WHOOSH… PPPFFFFF!! So much noise it was deafening, and so much light rushing through the sliver of a window that it was blinding. My heart starts pumping faster, its racing now. I want to move but it feels as if my body was commanded to stay in place, pressured down by an invisible hand. My eyes are wide open, but I want to close them and run away. But to where! Its cramped, and I can barely move around the mess of wires and equipment around me.
Ohhh I’m afraid! I’m so so afraid. Its as if a blanket of fear and darkness suddenly envelops you, and no matter what you do your heart and senses have already embraced its warmth. But I’m most afraid because I don’t know. I don’t know where I am, I don’t where I’m going, I don’t know what’s going to happen, and worst yet there’s not a thing I can do about it but to let it happen.
The rattling, and the anxiety inducing shaking subsides. Ohhh and what a monster of a thing to replace all the scary noise. Now it’s silent, its completely and utterly silent. Now I see how much I took for granted my little home, the sound of wind, the birds, the cars, of people, and of his voice, especially his voice. The only thing I could hear now is the loud thump of my scared heart, my faltering breath, and the agonizing high pitched ding that rang every couple seconds.
Beep… Beep… Beep… Beep… Beep… Beep…
It was a countdown of sorts, I’m sure of it. It was torture! It was agony to know that this was the only sound left for me. The grim reaper himself was counting down the very seconds left of my life. Then I thought something funny. Death, what a guy, what a chap, that he would give me such personal treatment! But I bet he does so with everyone. He’s made friends with everybody and everything, every dog, cow, human, cat, and mouse. What a likable fellow Death is!
At this moment I looked out from the only looking glass I had of the outside world, that sliver of a window that I mentioned before. It wasn’t bright anymore so it was clear outside, but what I saw was no world that I ever knew.
Three beautiful spheres were in my view,
And every single one of a different kind of hue.
Oh, the first was the strongest of them all,
So bright, yellow, proud and with the gall
To steal and command the attention of my eyes.
But its brother blue, was so instinctually familiar.
It felt so close and oh so dear.
It was pulling at my heartstrings and making song,
That it was clear,
My very dear home was there indeed.
And the runt of litter was there too.
A little gray, but well to do.
Not so bright as its eldest brother,
But bigger it was,
and dearer it was to brother blue.
These three brothers danced round and round,
Each holding each, in a tight embrace,
This it seemed the case.
They were inseparable these three,
Until the end of time.
That big blue giant! My memories of home consumed me and my situation. But alerted I realized the heat building up in my little coffin. It was warm, then warmer, and now hot. I missed water right now, ahh I wanted just a sip, just a taste, enough to wet my tongue. How grateful for everything I would be then, if they would have only left some water. I knew with despondency that in short time it would be my last. Now what comfort was there but in the past? I remembered the good beautiful times and the memories I had. Then I thought of him and only him.

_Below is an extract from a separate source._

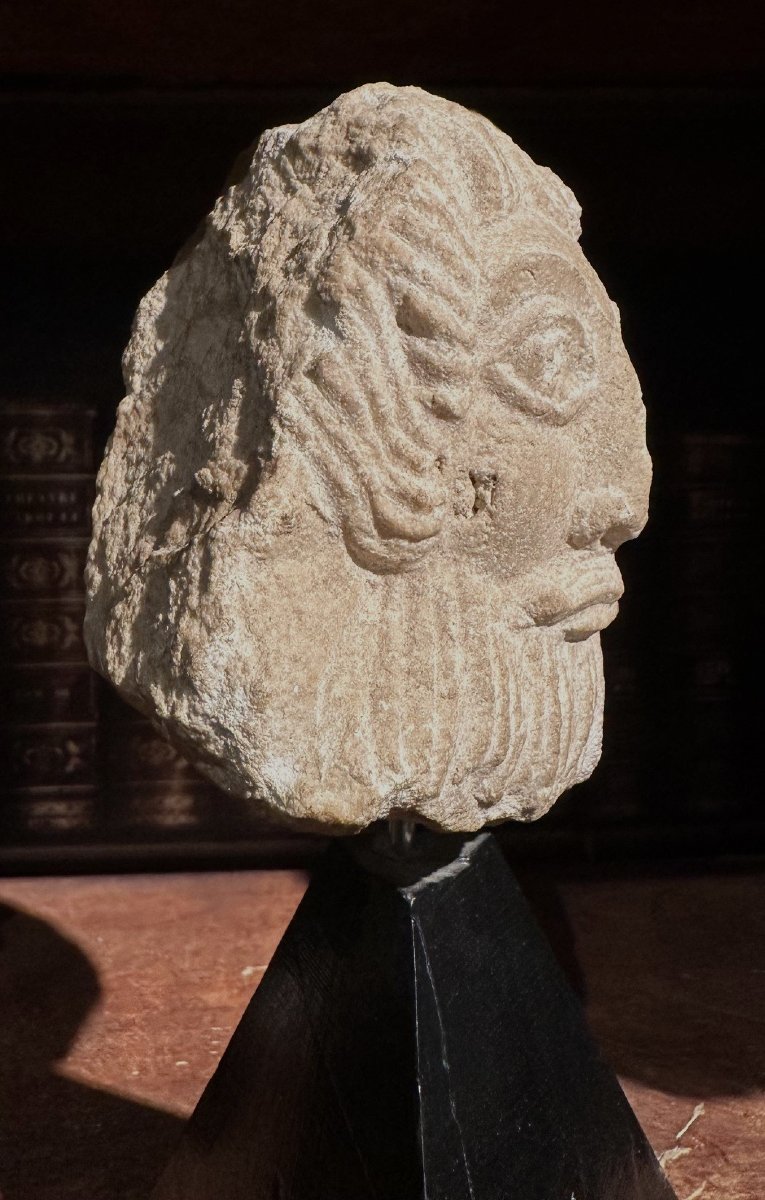 Archaic Phoenician Marble Head -photo-4
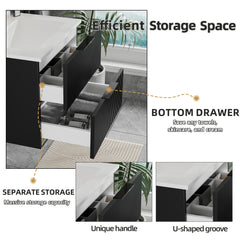 36 Inch Bathroom Vanity Cabinet With Ceramic Sink - Black Wall Mounted Floating Fluted Vanity With Drawers, Modern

I remember the steak and little potatoes that he cooked for me! He only did this once, but it was my very favorite. One time he took me to his home. He let me go outside and I would play and jump in the snow. He always kept watch over me. Then all of a sudden he would surprise me and give chase. I’d run and run, I was so alive and it was so fun. I loved him. Sometimes I would let him catch me on purpose so he wouldn’t feel bad that he couldn’t run as fast as I.
Then all the memories of the bad things I’d done rushed over me. I was mad and angry once and attacked him in a fit of passion, it was nothing serious. I hope he realized that it was just in the moment, I didn’t really mean it. Another time my tummy hurt so much and I threw up on the floor, I couldn’t hold it in, they had given me strange food. He saw me, and I lowered my eyes, I was sorry, I really was. I think that’s why I’m here.

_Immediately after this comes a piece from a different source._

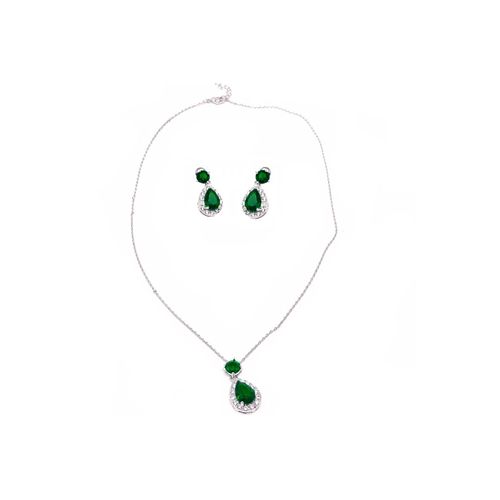 Sieraden set met peervormige hangers en groen zirkonia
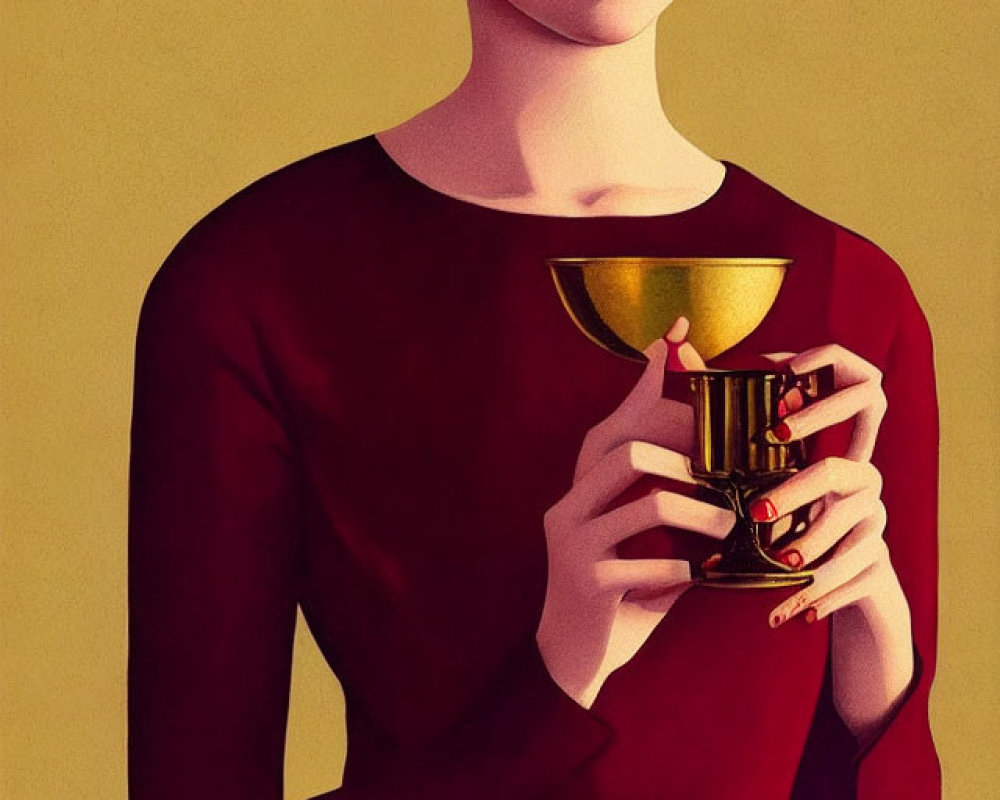 Illustrated Woman with Red Bob Haircut Holding Golden Chalice in Red Dress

I start to wonder why they left the window closed, back home he took me in his car and he drove with the windows open. I’d stick my head out and WHOOSH, the rush of the wind would land on my face…

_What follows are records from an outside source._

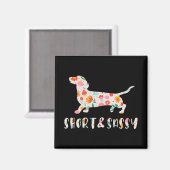 Blütenhund aus kurzer Dackel Magnet (Vorderseite/Rückseite)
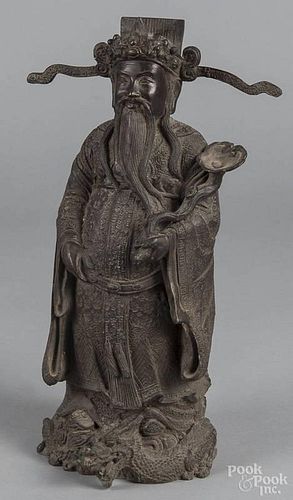 Chinese bronze figure of a man, 14 1/4'' h.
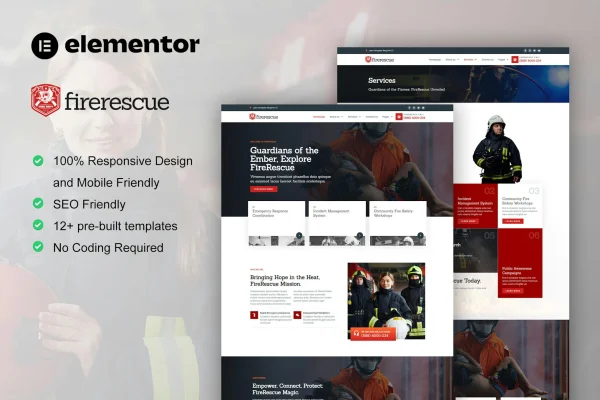 FireRescue Elementor template kit preview for firefighter and fire department websites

Its hotter now. The very air is boiling and its hard to breathe… Before I got in this car he said “You’re going to heaven now Laika, don’t worry, I’ll join you very soon” I want to warn him somehow, because heaven isn’t fun, I don’t want him to go here.
The only thing I want now is him. Just to hear his voice one last time. “Laika! Come here you mutt!” he would yell. Ohh, I would run over so fast and lay in his lap, he’d stroke my head and scratch behind my ears and tell me “good boy”. I wonder what I did wrong, because thats why I’m here.
I wish he would tell me “good boy” one last time.
My eyes close shut, I’m tired…
Dedicated to Little Laika the Space Dog, and little Bambuya.